Raising Rangers

  1. vermontgal
    Raising Colored Rangers (aka Freedom Rangers)
    2009
    Arrival- On May 15, I took delivery of 102 chicks, hatched May 13, at the local post office. The chicks arrived on the 4 am truck, shipped from Pennsylvania (jmhatchery.com) on the afternoon of 4/13 via USPS Priority Mail. The post office called me near the civilized hour of 7 am, and I went down to pick them up along with a friend. All 102 chicks arrived healthy, although they were a little cold. I had set up my heat lamps before departing for the PO but the chicks still chirped loudly, complaining of being cold for the first hour or so. Of the order of 100, I had sold off 90 on craigslist, planning to keep 10. As everyone looked healthy, I got to keep 12! All of my craigslist purchase buddies picked up by 2 pm. Smooth.
    Their initial feed was Green Mountain organic chick starter, and warm water with vitamins & electrolytes.

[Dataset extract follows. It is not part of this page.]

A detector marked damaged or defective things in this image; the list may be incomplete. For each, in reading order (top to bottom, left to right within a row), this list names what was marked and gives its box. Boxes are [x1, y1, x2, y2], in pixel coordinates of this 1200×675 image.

    Week 1 - For the first week, I brooded them in a large plastic container with a 100w heat emitter and/or light bulb. I also used a 17watt seedling heat mat - radiant heat flooring for chicks! They loved it and seemed to always sleep on the heat mat area. They had some minor problems with pasty butt which I first, erroneously, treated with molasses based on poor advice obtained on BYC. :( I then read more threads, wised up, and switched to apple cider vinegar, about 1 tablespoon in their quart waterer. I also treated the pasty butt by carefully picking the pasty droppings off the backside of the chicks, and rubbing their little chicken butts with antibiotic ointment.

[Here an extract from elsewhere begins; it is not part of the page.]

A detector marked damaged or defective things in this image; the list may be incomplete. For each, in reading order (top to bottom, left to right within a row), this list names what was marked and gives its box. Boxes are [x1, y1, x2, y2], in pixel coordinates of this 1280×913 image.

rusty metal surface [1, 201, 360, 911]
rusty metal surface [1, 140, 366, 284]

    Week 2 - I moved them out to the 4x6 a-frame chicken tractor when they were a little more than a week old. At this age, it was a little challenging for them to get up and down the chicken ladder, so I had to build some additional steps out of bricks, so that the chicken ladder could hang less steeply. They had problems learning how to use the chicken ladder. I kept the chicken tractor close to the house, and used the 100w heat emitter, plus the seedling heat mat, to keep them warm. We had some cold nights with frosts during this time. Our frost-free date in my area is the very end of May.
    Week 3 / 4 - I moved the chicken tractor around my own very small yard a several times, moving it every couple days. The chicks would eat the grass bare in this time, and were pooping up a storm. I continued to use the heat emitter on colder days, and the seedling heat mat regularly. By mid June (age 4 weeks), it was warm enough and the chicks had enough body mass/ feathers, that they were ready to go without heat.
    We ran out of the 50 lb bag of chick starter at the end of week 4, and I bought a 50 lb bag of organic turkey crumbles (21% protein, less than 1% higher than the conventional grower crumbles but 2% higher than the organic grower crumbles.)